> [EXERCISE DESCRIPTION]: Quote the data below in full, minus the images.

--- PROVIDED RECORDS ---

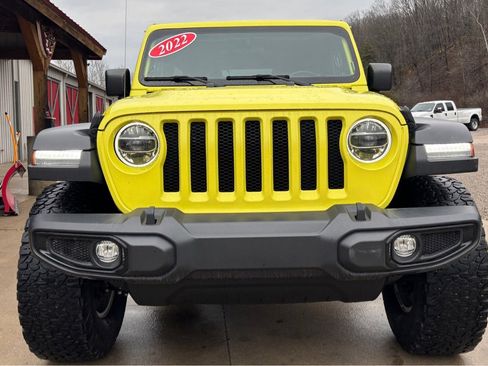 Used 2022 Jeep Wrangler Sport image 6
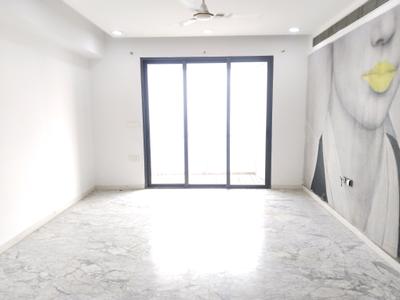 Living Room Image of 2800 Sq.ft 4 BHK Apartment / Flat for sale in Bandra Anand Vihar CHS, Bandra West Mumbai for Rs. 160000000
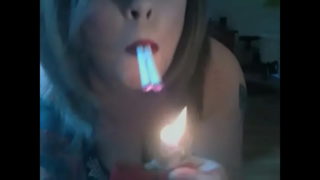 BBW Британската богиня Тина Снуа пуши 2 цигари без филтър едновременно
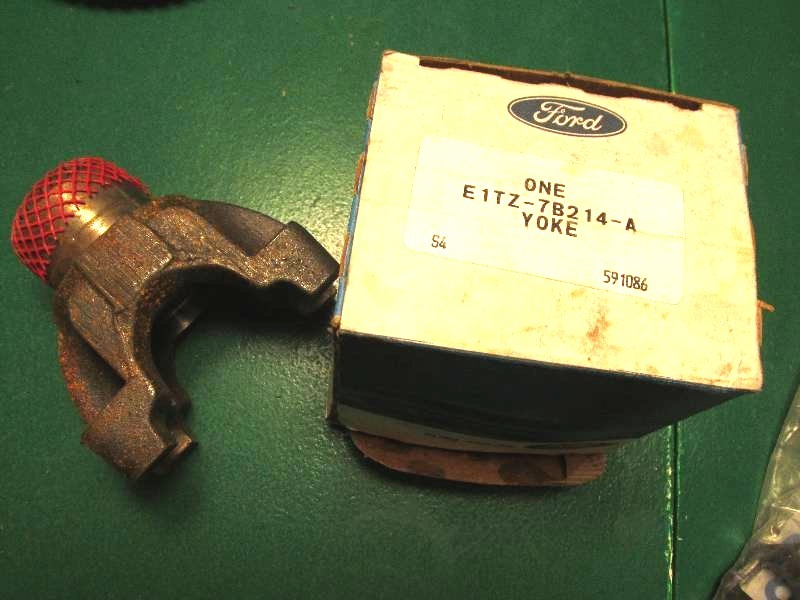 lot 40 image: Ford E1TZ-7B214-A Yoke...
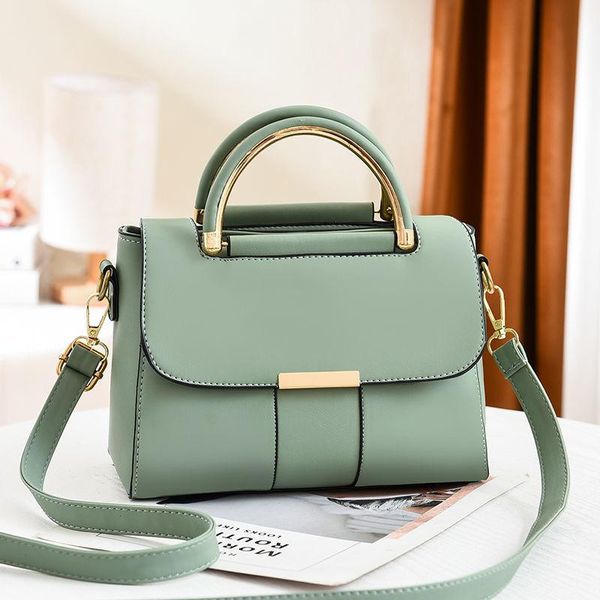 black handbag totes bags women large capacity handbags pu shoulder messenger bag 2021 fashion daily lady elegant
black handbag totes bags women large capacity handbags pu shoulder messenger bag 2021 fashion daily lady elegant
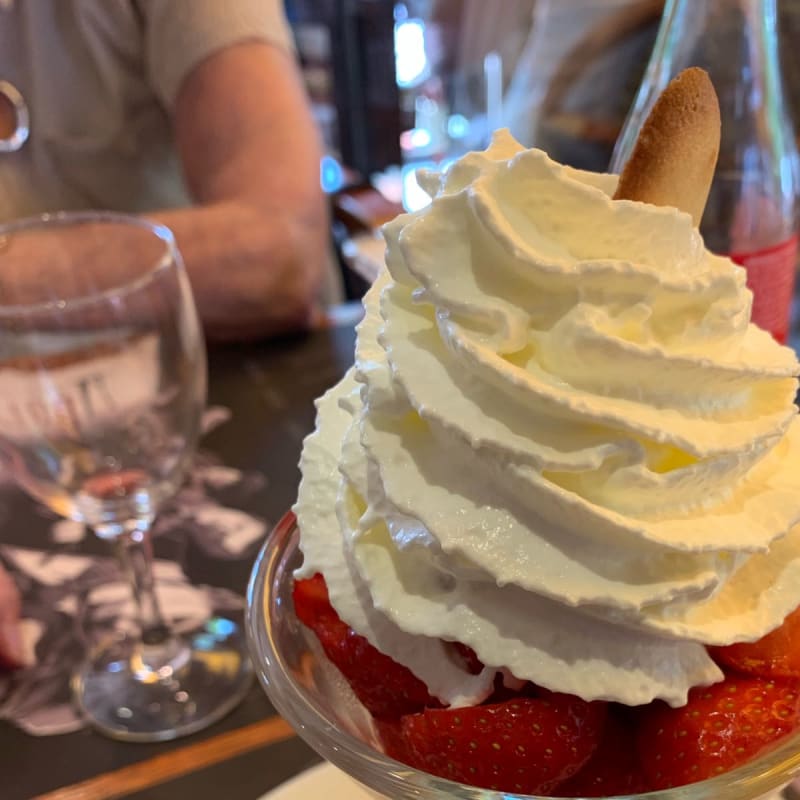 Coupe de fraise chantilly - Le Borsalino, Verrières-le-Buisson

---

> [EXERCISE OUTPUT]:
 Used 2022 Jeep Wrangler Sport image 6
 Living Room Image of 2800 Sq.ft 4 BHK Apartment / Flat for sale in Bandra Anand Vihar CHS, Bandra West Mumbai for Rs. 160000000
 BBW Британската богиня Тина Снуа пуши 2 цигари без филтър едновременно
 lot 40 image: Ford E1TZ-7B214-A Yoke...
 black handbag totes bags women large capacity handbags pu shoulder messenger bag 2021 fashion daily lady elegant
black handbag totes bags women large capacity handbags pu shoulder messenger bag 2021 fashion daily lady elegant
 Coupe de fraise chantilly - Le Borsalino, Verrières-le-Buisson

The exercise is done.